In November, Des Moines Local Live began offering access to its content through the iTunes Store. About two months ago, the company launched smartphone applications that allow its audience to consume content on Apple Inc.’s iPad and other mobile devices.

“We’ll build to over 20 distribution sites,” Spearman said. “So it gives people all sorts of avenues to listen or to watch our shows.”

By the end of the first quarter, Spearman said, Des Moines Local Live, which includes programs such as Michael Libbie’s “Insight on Business” and Liz Nead’s “Nead Inspiration,” hopes to have 40 hosts on its roster.

Des Moines Amplified features shows such as “Leadership Cocktail With Jeff Hannah,” “Des Moines Sports Freaks” and “Double A Serious Comedy,” as well as a number of faith-based programs.

Goodwin would like to see Worldwide Amplified sites in cities such as Chicago, Houston and Los Angeles.

“We are preparing to offer these Amplified locations as a franchise,” Goodwin said, adding that he has already received about 50 inquiries on that possibility. “We anticipate this being a worldwide operation in the next five years.”

Des Moines Local Live relies on sponsorships and advertising sales to pay the bills, whereas Goodwin said Des Moines Amplified, in addition to its trademarked Amplified Cash advertising-sales model, rents out its studio space and conference room in order to get paid.

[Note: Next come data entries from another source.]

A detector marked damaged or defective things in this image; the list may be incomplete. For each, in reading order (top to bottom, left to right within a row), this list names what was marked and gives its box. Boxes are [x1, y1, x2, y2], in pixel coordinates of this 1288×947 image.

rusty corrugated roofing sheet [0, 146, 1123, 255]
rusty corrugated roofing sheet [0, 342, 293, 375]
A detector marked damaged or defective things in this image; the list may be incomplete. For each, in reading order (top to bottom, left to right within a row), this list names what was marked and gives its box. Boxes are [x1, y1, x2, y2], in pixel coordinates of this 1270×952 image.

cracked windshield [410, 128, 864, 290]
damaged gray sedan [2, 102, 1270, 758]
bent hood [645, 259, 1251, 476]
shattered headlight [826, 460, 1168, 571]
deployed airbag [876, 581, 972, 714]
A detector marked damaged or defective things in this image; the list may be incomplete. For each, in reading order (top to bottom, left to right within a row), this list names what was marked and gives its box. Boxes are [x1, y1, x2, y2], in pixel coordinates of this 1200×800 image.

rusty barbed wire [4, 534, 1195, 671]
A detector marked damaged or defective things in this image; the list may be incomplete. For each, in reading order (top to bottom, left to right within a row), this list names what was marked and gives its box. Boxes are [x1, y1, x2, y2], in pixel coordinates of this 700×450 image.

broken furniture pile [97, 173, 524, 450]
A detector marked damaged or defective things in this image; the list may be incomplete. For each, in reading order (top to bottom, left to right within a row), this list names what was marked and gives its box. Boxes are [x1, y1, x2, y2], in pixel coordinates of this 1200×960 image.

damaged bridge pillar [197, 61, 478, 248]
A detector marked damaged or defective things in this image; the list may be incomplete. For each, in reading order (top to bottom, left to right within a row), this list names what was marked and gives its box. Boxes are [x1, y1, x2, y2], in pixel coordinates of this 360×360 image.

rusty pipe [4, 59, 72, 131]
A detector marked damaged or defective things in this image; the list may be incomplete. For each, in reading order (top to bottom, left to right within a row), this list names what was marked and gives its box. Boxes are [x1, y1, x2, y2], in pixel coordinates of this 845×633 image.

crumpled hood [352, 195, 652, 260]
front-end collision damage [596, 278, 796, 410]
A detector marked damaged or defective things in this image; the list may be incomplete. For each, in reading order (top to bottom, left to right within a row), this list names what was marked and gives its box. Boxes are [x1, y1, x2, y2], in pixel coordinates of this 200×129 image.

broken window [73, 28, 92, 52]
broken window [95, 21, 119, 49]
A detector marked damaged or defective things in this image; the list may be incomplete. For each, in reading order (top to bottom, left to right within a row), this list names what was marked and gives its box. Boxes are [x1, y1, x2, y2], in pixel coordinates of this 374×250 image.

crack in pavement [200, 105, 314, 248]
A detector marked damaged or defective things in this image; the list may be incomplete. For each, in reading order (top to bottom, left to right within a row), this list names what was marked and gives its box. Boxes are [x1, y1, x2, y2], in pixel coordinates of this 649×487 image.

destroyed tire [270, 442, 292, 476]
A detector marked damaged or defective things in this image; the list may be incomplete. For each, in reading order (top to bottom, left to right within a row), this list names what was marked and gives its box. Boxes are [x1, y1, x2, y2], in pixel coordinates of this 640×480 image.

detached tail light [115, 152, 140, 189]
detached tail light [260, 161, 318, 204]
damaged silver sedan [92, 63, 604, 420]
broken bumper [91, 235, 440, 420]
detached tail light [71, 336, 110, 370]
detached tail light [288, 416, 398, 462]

“We don’t have to pull a salary out of here,” Goodwin said, noting that he and his partners have no employees. “That’s a good thing. We are able to commit our time to move this thing forward and take our time to build the business slowly and successfully.”

“We’d like to find somebody else that did this so we could call for some answers, but instead, we are the pioneers,” McKoy said. “We’re out cutting down branches and killing buffalo and trying to figure out how this works.”

Spearman said shows produced for www.webcastonelive.com typically attract more than 60,000 viewers and listeners each month across all distribution channels.

According to Goodwin, www.desmoinesamplified.com has received more than 1.3 million page views since Sept. 1.